* 20 June 1891 in Berlin, † 18 July 1984 ebena
paintress and graphic artist
Margarete Kubicka, a representative of expressive cubism, always understood her artistic work as a political activity. Together with her German-Polish husband, the painter Stanislaw Kubicki, she co-founded the Polish Expressionist group BUNT in 1918 and published prints and poems in Pfemfert's journal "Die Aktion”. In 1922, the artist couple is among the organisers of the "International Exhibition of Revolutionary Artists" in Berlin. The following year Margarete Kubicka joined the "Group of Progressive Artists". This Marxist-oriented artists' association, founded in 1920, was one of the most important artistic-political movements on the Rhine during the Weimar Republic, together with the Cologne Dada Movement and the “Young Rhineland”. The painter took part in an exhibition of the group in Moscow in 1926 and in Chicago in 1930.
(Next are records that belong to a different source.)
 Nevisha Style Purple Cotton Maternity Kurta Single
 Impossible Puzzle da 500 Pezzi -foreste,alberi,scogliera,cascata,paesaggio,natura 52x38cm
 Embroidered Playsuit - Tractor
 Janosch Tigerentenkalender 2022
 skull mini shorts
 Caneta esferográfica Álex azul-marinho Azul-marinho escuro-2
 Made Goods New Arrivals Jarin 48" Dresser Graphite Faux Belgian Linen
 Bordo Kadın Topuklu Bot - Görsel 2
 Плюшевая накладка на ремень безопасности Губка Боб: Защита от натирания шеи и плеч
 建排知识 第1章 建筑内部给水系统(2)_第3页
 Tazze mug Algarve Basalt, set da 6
After 1933, Margarete Kubicka took an active part in the struggle against the Nazi regime. After the war she found a new formal language in her artistic work. Her colourful watercolour series tell - often with allegorical and mythological references - of the crisis experienced by mankind. The large-format paintings from the series "Man Conquers the Earth" and "Past, Controversial, Emerging Religions" are representative of this.
The artist has received numerous tributes. The “Neue Berliner Kunstverein” (1976) and the “Berlinische Galerie” (1992), among others, have dedicated exhibitions to her life and work. In 2017, a bridge in Berlin-Neukölln has been named after the artist; in 2020, the library in Berlin-Britz received her name.